DL: Who or what inspired to become a freedom fighter?
JH: Martin Luther King, Jr. is my biggest inspiration. His teachings are part of the model I used for my decades long career as a freedom fighter and rights activist.
DL: Along with being a Freedom Fighter, you have served in the U.S. Air Force, you are an expert mechanic, former presidential security agent, and an accomplished writer and photojournalist; is there anything you've wanted to do that you have not yet accomplished?
JH: Yes, and that is to expose the corruption in government and law enforcement to the American people. I, along with others like
the American Motorcycle Association, continue to track what the Motorcycle Task Force is doing - which include profiling motorcyclists with Motorcycle Only roadside stops.
I have also been working with other motorcycle advocacy groups to try to fight some of the current EPA regulations pertaining to motorcycles which is a lot more than what comes out of the exhaust pipe.

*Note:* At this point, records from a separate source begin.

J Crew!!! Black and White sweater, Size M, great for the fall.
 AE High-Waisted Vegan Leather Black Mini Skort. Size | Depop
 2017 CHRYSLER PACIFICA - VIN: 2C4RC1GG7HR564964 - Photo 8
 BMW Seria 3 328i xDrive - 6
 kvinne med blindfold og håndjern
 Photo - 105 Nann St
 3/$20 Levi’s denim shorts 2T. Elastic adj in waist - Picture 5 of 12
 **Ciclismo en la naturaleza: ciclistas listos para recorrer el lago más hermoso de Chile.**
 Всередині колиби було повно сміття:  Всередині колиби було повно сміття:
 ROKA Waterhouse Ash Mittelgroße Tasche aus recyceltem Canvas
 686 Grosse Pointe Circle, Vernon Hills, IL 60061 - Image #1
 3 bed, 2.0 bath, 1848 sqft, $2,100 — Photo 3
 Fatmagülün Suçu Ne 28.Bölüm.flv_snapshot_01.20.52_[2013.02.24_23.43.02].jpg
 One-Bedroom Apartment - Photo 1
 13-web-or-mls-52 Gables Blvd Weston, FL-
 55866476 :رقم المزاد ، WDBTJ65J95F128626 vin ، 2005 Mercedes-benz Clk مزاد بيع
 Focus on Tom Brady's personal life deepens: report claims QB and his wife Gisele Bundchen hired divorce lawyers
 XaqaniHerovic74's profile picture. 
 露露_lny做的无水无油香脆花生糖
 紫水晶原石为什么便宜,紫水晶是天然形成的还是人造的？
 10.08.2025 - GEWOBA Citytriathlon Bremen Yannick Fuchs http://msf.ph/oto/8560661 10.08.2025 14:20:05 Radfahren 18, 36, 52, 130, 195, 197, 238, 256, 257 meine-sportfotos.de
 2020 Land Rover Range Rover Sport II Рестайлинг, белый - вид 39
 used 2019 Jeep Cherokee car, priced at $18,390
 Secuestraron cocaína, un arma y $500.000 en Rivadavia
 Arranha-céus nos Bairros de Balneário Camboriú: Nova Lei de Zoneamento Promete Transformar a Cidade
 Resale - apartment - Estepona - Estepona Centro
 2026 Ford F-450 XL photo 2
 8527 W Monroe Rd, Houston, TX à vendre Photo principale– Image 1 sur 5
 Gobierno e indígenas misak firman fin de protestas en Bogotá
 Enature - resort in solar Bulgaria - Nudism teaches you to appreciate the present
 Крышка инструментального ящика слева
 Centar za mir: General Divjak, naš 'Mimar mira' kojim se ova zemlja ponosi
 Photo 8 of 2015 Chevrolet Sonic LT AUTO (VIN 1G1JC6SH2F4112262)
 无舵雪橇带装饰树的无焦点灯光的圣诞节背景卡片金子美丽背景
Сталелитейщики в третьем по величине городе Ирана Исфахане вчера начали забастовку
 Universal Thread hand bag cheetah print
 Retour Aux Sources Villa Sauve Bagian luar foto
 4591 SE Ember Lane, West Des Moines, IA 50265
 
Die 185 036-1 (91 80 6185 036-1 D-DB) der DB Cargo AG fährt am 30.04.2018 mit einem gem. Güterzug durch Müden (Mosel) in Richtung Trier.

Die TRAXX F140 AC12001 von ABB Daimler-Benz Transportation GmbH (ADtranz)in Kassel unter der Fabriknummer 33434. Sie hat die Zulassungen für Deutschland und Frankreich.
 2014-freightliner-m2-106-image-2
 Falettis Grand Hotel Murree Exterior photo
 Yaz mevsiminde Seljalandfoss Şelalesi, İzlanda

With the new administration investigating the EPA we are hopeful that will include motorcycles.
DL: Do you have any words of wisdom you'd like impart on the next generation of bikers?
JH: I hope that by my actions, you realize that you can change things in the world.
There are certain rights that are granted to everyone in this country and if you feel that any of your rights are being violated there are steps you can take to correct the situation.
There is an old saying: The squeaky wheel gets the grease.
By making noise the wheel is saying I need grease.
You can and should be involved in everything that affects you and those you care for - make some noise and let the world know.